◆ **TASK TO CARRY OUT**: For this exercise, write out the whole listing below exactly, omitting its images.

◆ **SUPPLIED MATERIAL**:
########
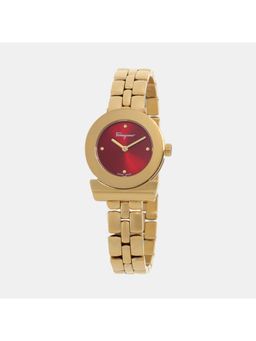 Ferragamo - Women Quartz Red Dial Analog Stainless Steel Watch Sfpd02424 (M)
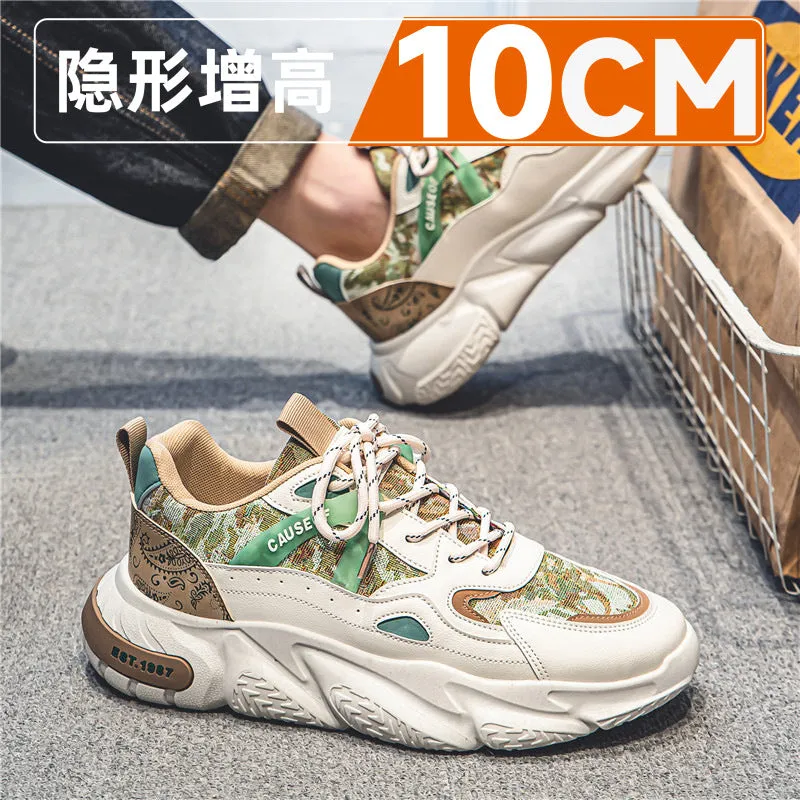 2024 Men’s Hidden Height-Increase Sneakers – 10cm Boost Breathable Thick-Soled Dad Shoes
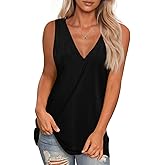 LONGYUAN Women's Summer Tank Tops V Neck Sleeveless Shirts S-3XL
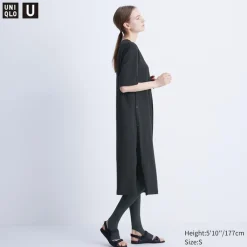 Kleider, Jumpsuits & Overalls*UNIQLO Krepp Baumwolle Kurzarm T-Shirt-Kleid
########
◆ **EXERCISE ANSWER**:
 Ferragamo - Women Quartz Red Dial Analog Stainless Steel Watch Sfpd02424 (M)
 2024 Men’s Hidden Height-Increase Sneakers – 10cm Boost Breathable Thick-Soled Dad Shoes
 LONGYUAN Women's Summer Tank Tops V Neck Sleeveless Shirts S-3XL
 Kleider, Jumpsuits & Overalls*UNIQLO Krepp Baumwolle Kurzarm T-Shirt-Kleid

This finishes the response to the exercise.